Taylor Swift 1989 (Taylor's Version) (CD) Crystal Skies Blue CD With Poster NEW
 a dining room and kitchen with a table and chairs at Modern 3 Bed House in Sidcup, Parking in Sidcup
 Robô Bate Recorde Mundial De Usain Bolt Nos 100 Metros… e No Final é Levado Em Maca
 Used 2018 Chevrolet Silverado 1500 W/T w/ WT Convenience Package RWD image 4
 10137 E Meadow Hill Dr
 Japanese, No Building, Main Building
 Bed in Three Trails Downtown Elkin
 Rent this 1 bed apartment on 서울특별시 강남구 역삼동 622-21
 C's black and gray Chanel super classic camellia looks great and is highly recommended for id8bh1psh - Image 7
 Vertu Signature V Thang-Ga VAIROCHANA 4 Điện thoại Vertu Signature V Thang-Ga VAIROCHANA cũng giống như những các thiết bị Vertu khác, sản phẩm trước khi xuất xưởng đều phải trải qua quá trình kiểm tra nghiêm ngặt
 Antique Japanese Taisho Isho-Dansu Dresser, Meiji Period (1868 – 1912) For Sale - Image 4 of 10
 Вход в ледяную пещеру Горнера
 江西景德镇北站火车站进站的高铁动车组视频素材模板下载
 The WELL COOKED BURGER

## Aim of the exercise
Give back exactly the lines from the one containing "Antique Japanese Taisho" through the end of the listing above, with both ends included and nothing added.

## Expected answer
 Antique Japanese Taisho Isho-Dansu Dresser, Meiji Period (1868 – 1912) For Sale - Image 4 of 10
 Вход в ледяную пещеру Горнера
 江西景德镇北站火车站进站的高铁动车组视频素材模板下载
 The WELL COOKED BURGER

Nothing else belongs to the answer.